I also learned to trust the players. At first I didn’t know what players would say to my characters. Now I do. Most played the part of the protagonist character, conversing about what they have seen and experienced so far. Many simply asked, “How’s it going?” A few were more interested in peering behind the curtain and exploring the mechanical workings and limits.
In the end, I realized that it didn’t matter what players said. The players that role-played likely had a great time. The players that probed the dark corners, trying to break things, probably had a good time too. Ultimately, with or without AI, the game happens, not on the screen, and not in the script, but in the player’s mind, and they will enjoy it however they want.
Prompting… the player
While I am pleased that players are enjoying their experience, I still want to use the AI characters as optimally as possible. I have some directions to pursue to achieve that.

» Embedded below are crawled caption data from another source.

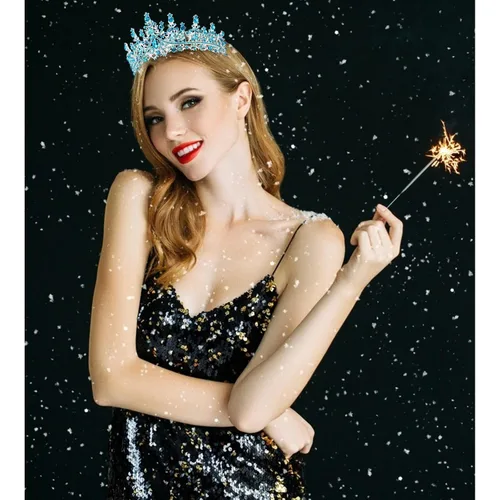 Vista 8 de VELSCRUN Coronas de tiara de princesa para mujer, diadema y banda para cumpleaños, decoraciones y regalos de feliz cumpleaños, Carburo cementado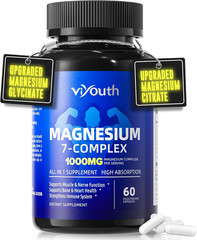 Magnesium 7 Complex Supplement Advanced with Glycinate Citrate Malate Chelate Ta
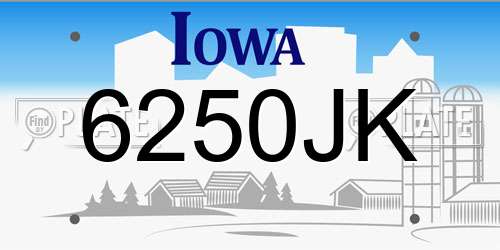 6250JK Iowa License Plate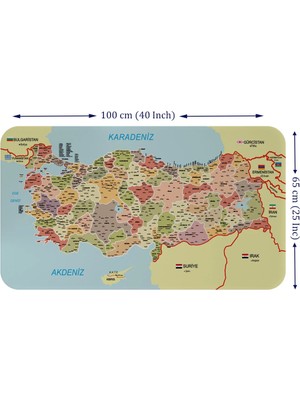 Beta Moda Hub Eğitici ve Öğretici Detaylı Komşulu Türkiye Haritası Duvar STICKER-60X105-3846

This whole time I’ve been concerned with trying to make better AI character prompts. And while that is important, it is equally, or even more important to prompt the player. Everything in a game is a cue, a little nudge, to spark the player’s curiosity, to go check it out, and to progress in the direction you want them to go. So how do you prompt the player?
One way is with rich content. In a primarily text based game like mine, the static content creates a framework of context for the player to reference. In my case, this includes all written text, but also, everything available to discover in a location, like my broken vending machine. I was somewhat surprised to find quite a few players asking Carl about it. Even though I didn’t design Carl to know that the vending machine was there, the context of the conversation was sufficient for him to reply along the lines of how the subway maintenance has been falling behind. This is perfect, because it foreshadows everything that is about to happen to the player. (The broken vending machine is a metaphor? Wow! Thanks, Carl!) Which gets to the next point.
The second important place to prompt the player is directly in the conversations they have with the AI characters. Their responses should make the player even more curious, and even more eager to press forward. But, how do you do that when you don’t directly control what the characters will say. How do you trust your characters?
Giving the tools to thrive
It is a very strange thing to trust an algorithm. I trust Google Maps, and to some extent, self driving cars, but this is different. This is a facsimile of a living, thinking, intelligent entity. You have no way of knowing how it might react to a given situation, yet its response is so important. How do you trust something that is, by design, nondeterministic?
How to trust your characters
I found that the best AI characters came from the most interesting characters to begin with. Snarky Coffee Girl has minimal design behind her, but she plays her role superbly. I tried to make another commuter in the station. She is pretty bland, and serves more to show the player that the protagonist prefers to keep to himself. When I tried to add AI for her, she was really generic and even annoying. So it goes to show how even minor characters should be interesting. This is true in game design as well as in TV and film. As beloved screenwriting guru Blake Snyder advises, “give every character a limp and an eye patch.”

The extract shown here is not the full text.